(This post is the first in a two-part series. I adapted it from a keynote address I delivered in the summer of 2010 at Goddard College, in Plainfield, Vermont, where I teach in the MFA Writing program. The essay is part of a collection of talks by Goddard writing faculty that have been collected in Alchemy of the Word: Writers Talk About Writing. Part 2 will appear tomorrow.)
During the final faculty meeting of the residency*, we always discuss ideas for the theme of the following semester’s residency. Last semester someone suggested “The Spirit of the Thing.” The response around the table was instantaneous: That’s it! The vote was swift and unanimous. Then we all laughed. We’d never seen such a response to a possible residency theme. A theme that, we might have noticed if we’d thought about it at all, consisted of two abstractions. If a student had written that phrase, any one of us would have scrawled “vague!” in the margin. I don’t remember now who suggested “The Spirit of the Thing,” but I doubt that she or he would have been able to say what it meant. I doubt that any of us could have said what those two nouns in that combination meant. But they sounded good together, and sometimes that’s enough.
It was for me, anyway. Even as the program director asked if I would be one of the keynote speakers, I knew the topic I wanted to address. Earlier in the week, another faculty member had invoked the Heisenberg uncertainty principle during her own keynote address, and I’d been thinking about it all week—or thinking near it, anyway: its less famous but, to my amateur-historian-of-science way of thinking, more profound corollary.

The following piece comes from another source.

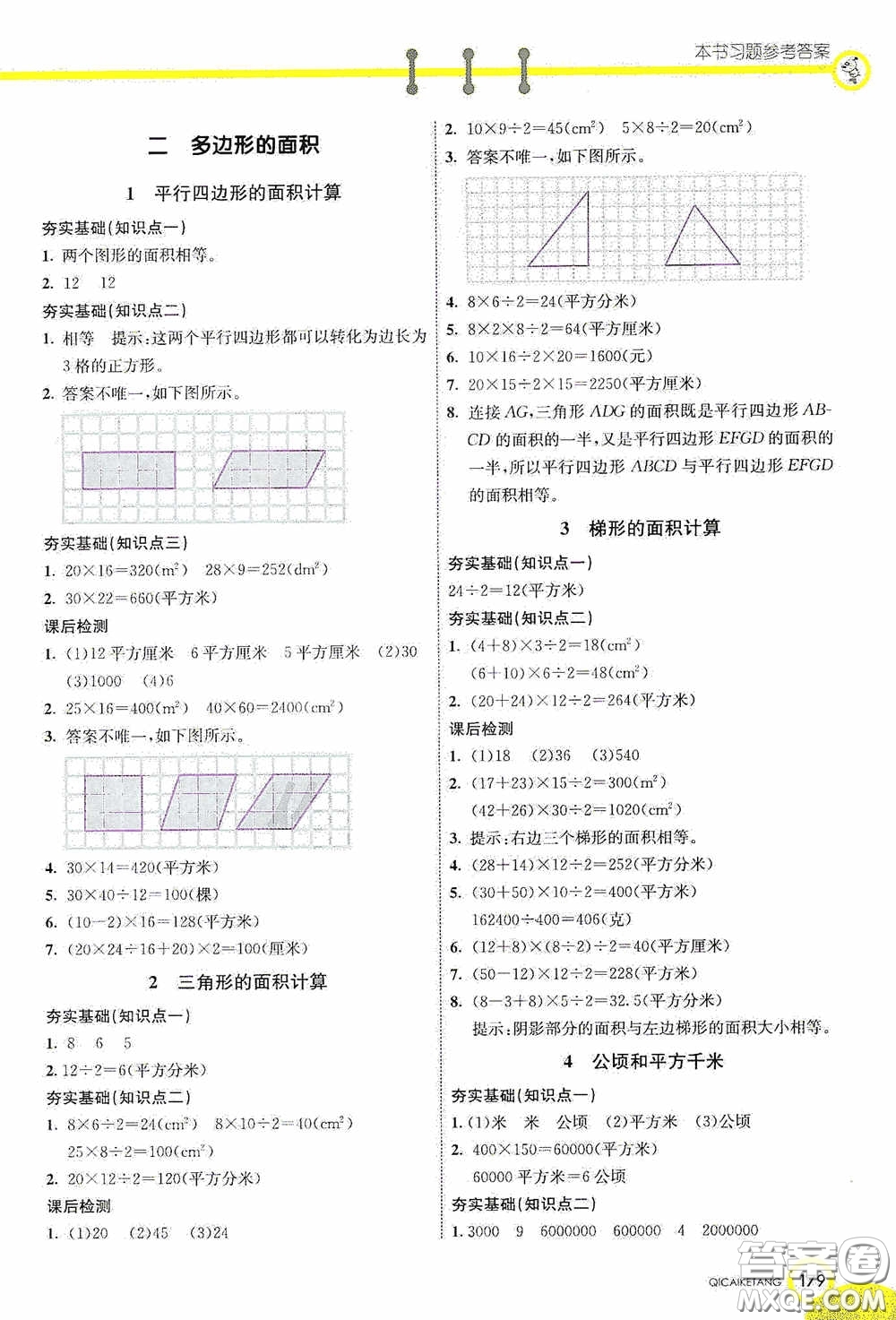 河北教育出版社2020七彩課堂五年級數(shù)學上冊蘇教版答案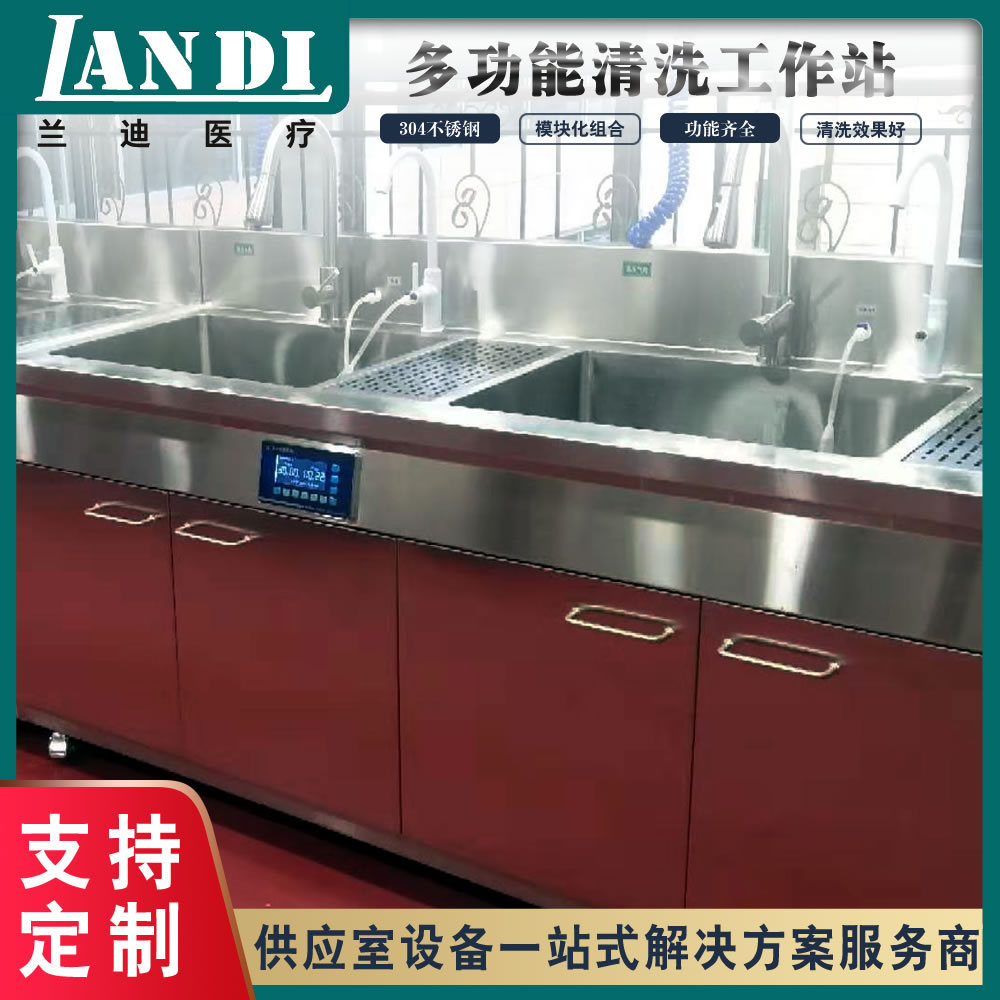 不銹鋼清洗工作站_醫(yī)用清洗設(shè)備_供應(yīng)室多功能清洗工作站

In early 1927, the German theorist Werner Heisenberg published a paper arguing that you can’t make an observation at the quantum level without disturbing the object you’re observing. (I’m summarizing broadly, both here and elsewhere in this essay.) All information comes to you from your senses, so if you wanted to observe an electron, for example, you would first have to find a way to make it accessible to sight. You would need a photon—a packet of light—to interact with it. That interaction, however, will disturb the electron under observation—the thing. We can observe the thing, but we have to change the thing in order to observe it, and that change leaves us at a loss: We can’t describe the thing completely.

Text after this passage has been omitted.